Leave the pictures out and print, word for word, the lines below from the one with "FOTEL BILLY VELVET SZARY TAP.139/BUK FOTEL" through the final line.

• **DATASET EXTRACT**:
--

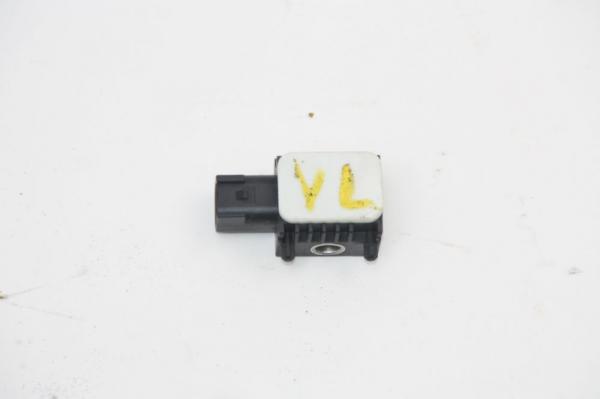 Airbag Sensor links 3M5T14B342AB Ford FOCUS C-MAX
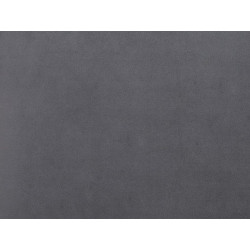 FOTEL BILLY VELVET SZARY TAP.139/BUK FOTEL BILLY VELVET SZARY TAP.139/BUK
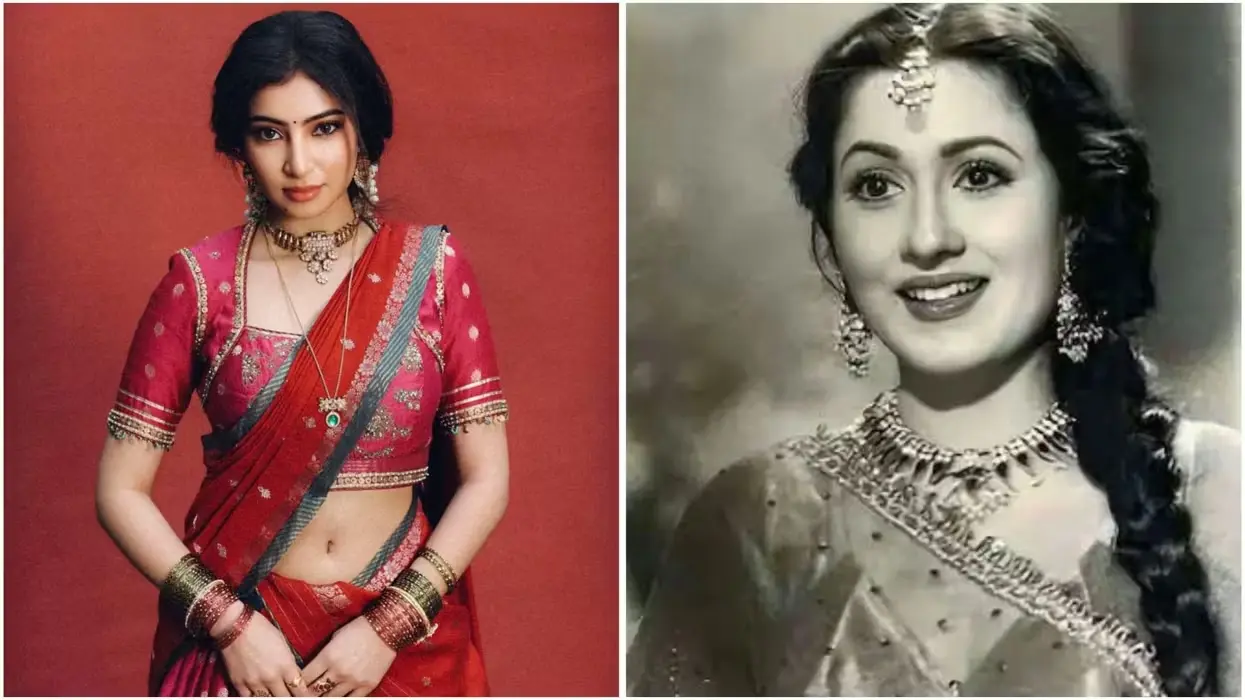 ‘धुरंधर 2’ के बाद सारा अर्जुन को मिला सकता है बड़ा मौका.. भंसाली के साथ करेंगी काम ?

--

• **OUTPUT OF THE EXERCISE**:
 FOTEL BILLY VELVET SZARY TAP.139/BUK FOTEL BILLY VELVET SZARY TAP.139/BUK
 ‘धुरंधर 2’ के बाद सारा अर्जुन को मिला सकता है बड़ा मौका.. भंसाली के साथ करेंगी काम ?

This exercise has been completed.